EXERCISE GOAL – Repeat the listing word for word. Leave every picture out.

AVAILABLE DATA –
[Start of section]

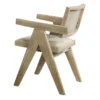 BM340950_1 Gexy Dining Side Chair Set of 2, Brown Oak Veneer, Gray Polyester Seat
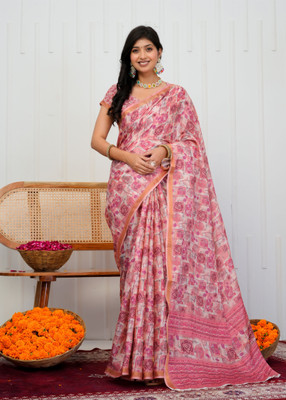 SHRIVAN FASHION Printed, Self Design Bollywood Cotton Blend Saree(Pink, White)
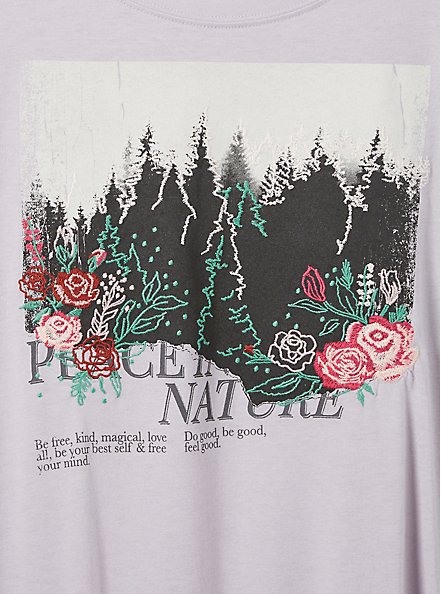 Peace In Nature Everyday Signature Jersey Crew Neck Embroidery Tee, RAINDROP, alternate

[End of section]

SOLUTION FOR THIS EXERCISE –
 BM340950_1 Gexy Dining Side Chair Set of 2, Brown Oak Veneer, Gray Polyester Seat
 SHRIVAN FASHION Printed, Self Design Bollywood Cotton Blend Saree(Pink, White)
 Peace In Nature Everyday Signature Jersey Crew Neck Embroidery Tee, RAINDROP, alternate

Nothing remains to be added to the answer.